▶ [WHAT IS BEING ASKED] Could you write out the lines below exactly, beginning with the first and finishing with the one that contains "Team of construction"?

▶ [RECORDS FOR THE EXERCISE]

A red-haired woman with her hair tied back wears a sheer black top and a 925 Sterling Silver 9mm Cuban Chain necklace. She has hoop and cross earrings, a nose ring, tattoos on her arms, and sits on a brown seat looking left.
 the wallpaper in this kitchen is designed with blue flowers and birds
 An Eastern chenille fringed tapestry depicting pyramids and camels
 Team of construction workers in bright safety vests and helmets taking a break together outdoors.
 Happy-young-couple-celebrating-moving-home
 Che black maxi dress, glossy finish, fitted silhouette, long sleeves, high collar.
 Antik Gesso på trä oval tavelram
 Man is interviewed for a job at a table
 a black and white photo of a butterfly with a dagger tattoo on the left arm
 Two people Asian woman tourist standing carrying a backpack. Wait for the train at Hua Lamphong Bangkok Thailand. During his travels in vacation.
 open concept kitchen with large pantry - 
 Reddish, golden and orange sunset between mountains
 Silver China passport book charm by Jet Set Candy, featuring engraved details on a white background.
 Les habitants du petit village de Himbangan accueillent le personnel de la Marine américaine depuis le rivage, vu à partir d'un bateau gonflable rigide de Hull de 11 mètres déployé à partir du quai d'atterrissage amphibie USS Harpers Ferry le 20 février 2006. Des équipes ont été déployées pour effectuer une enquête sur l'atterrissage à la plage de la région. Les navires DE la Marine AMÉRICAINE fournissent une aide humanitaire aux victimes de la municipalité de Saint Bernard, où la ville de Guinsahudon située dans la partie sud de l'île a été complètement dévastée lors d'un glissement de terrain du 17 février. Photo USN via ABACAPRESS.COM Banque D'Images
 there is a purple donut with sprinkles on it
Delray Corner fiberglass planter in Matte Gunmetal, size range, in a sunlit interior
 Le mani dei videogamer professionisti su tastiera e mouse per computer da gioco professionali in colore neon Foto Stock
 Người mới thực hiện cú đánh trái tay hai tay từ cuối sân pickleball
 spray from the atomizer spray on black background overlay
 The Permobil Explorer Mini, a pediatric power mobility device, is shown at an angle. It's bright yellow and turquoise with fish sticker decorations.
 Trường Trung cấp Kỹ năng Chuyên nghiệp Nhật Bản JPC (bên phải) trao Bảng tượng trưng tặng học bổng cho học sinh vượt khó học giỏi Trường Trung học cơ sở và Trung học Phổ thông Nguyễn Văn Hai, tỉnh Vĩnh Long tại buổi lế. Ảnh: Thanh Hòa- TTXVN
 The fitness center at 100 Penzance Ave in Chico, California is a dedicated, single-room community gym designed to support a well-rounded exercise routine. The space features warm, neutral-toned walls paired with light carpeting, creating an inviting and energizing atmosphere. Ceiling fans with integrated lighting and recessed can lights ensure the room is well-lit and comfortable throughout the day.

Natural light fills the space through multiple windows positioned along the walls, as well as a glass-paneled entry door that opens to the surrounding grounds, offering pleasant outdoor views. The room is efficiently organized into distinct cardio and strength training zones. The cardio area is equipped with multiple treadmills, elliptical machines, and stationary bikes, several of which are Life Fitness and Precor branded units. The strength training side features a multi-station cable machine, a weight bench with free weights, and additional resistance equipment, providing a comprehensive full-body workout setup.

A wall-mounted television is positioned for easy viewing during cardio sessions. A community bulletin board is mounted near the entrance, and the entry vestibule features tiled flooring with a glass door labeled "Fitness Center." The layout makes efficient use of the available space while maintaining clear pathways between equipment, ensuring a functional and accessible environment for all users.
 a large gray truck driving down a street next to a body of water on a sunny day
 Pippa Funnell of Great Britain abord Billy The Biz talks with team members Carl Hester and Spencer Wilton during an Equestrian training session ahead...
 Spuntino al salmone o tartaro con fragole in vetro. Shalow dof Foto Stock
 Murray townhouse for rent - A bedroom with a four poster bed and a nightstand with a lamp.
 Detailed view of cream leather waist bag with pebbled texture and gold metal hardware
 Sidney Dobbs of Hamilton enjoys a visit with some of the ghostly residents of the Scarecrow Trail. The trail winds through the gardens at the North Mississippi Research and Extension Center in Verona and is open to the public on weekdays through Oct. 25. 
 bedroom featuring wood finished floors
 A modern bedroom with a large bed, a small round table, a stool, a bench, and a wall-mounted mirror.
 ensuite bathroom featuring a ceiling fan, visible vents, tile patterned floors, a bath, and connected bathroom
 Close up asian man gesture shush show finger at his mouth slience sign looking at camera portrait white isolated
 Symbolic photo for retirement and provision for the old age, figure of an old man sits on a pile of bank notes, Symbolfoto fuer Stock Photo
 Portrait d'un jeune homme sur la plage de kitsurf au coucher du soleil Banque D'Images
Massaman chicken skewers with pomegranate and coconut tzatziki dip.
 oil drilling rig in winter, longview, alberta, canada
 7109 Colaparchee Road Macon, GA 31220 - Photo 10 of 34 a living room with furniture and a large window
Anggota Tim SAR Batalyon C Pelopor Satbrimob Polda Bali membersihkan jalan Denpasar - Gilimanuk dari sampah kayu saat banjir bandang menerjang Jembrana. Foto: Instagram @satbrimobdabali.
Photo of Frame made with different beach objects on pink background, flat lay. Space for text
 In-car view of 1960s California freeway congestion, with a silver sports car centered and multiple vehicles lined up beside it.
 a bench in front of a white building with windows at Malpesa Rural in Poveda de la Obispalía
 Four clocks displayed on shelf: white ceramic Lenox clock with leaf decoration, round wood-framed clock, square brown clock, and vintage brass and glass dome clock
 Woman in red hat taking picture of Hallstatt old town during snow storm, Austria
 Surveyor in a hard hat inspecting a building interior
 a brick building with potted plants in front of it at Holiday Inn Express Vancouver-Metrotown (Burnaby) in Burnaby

▶ [RESPONSE]
A red-haired woman with her hair tied back wears a sheer black top and a 925 Sterling Silver 9mm Cuban Chain necklace. She has hoop and cross earrings, a nose ring, tattoos on her arms, and sits on a brown seat looking left.
 the wallpaper in this kitchen is designed with blue flowers and birds
 An Eastern chenille fringed tapestry depicting pyramids and camels
 Team of construction workers in bright safety vests and helmets taking a break together outdoors.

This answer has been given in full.